About this task ->
Transcribe the listing verbatim, please, with images dropped.

Given material ->
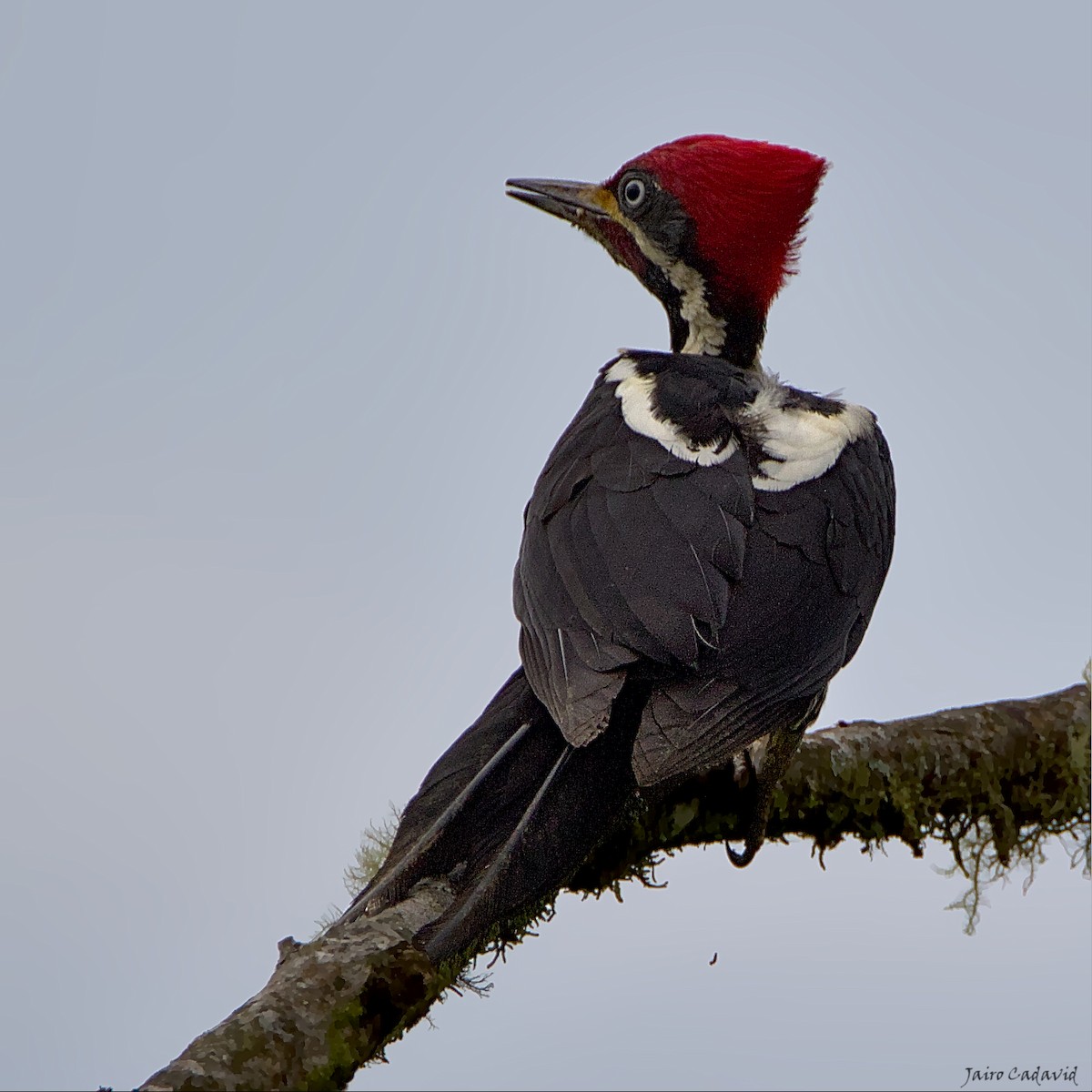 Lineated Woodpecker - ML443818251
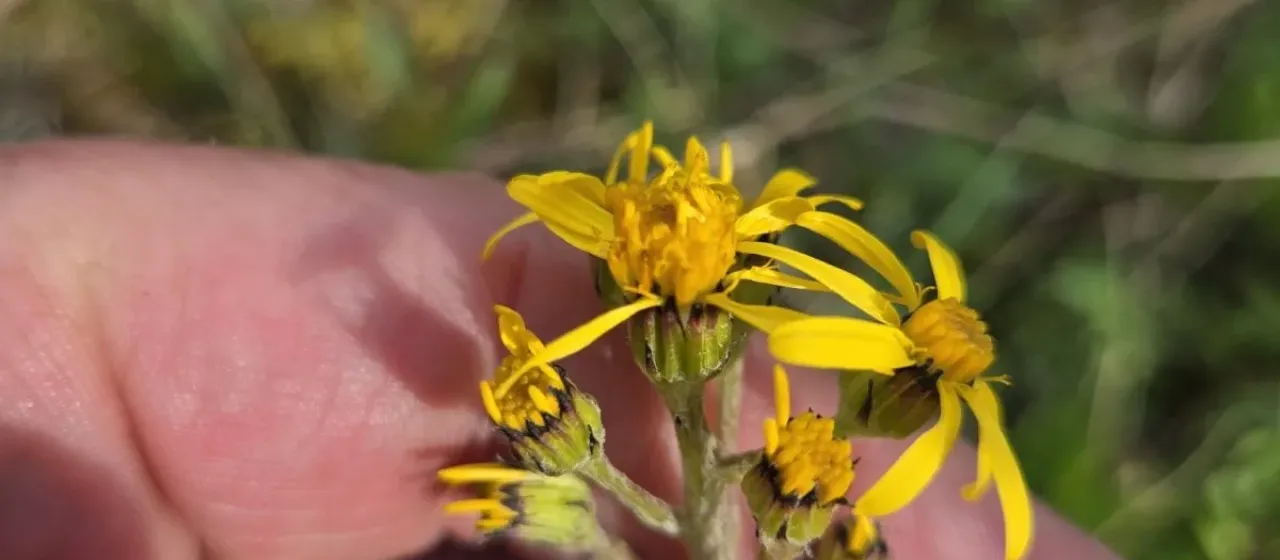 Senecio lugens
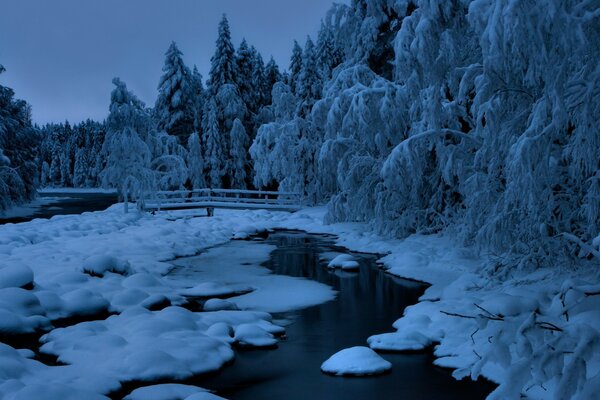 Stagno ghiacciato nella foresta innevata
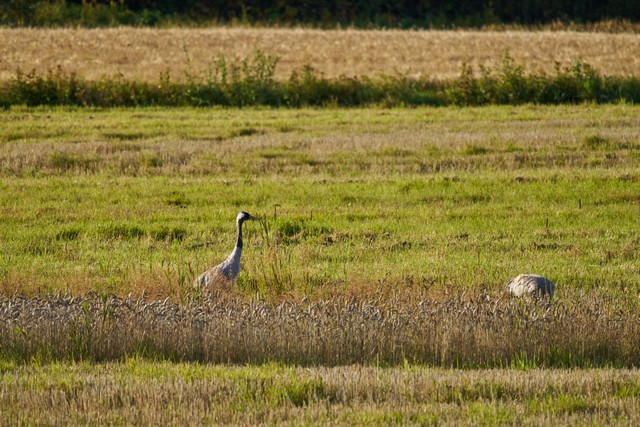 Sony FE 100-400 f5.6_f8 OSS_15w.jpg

Solution for this task ->
 Lineated Woodpecker - ML443818251
 Senecio lugens
 Stagno ghiacciato nella foresta innevata
 Sony FE 100-400 f5.6_f8 OSS_15w.jpg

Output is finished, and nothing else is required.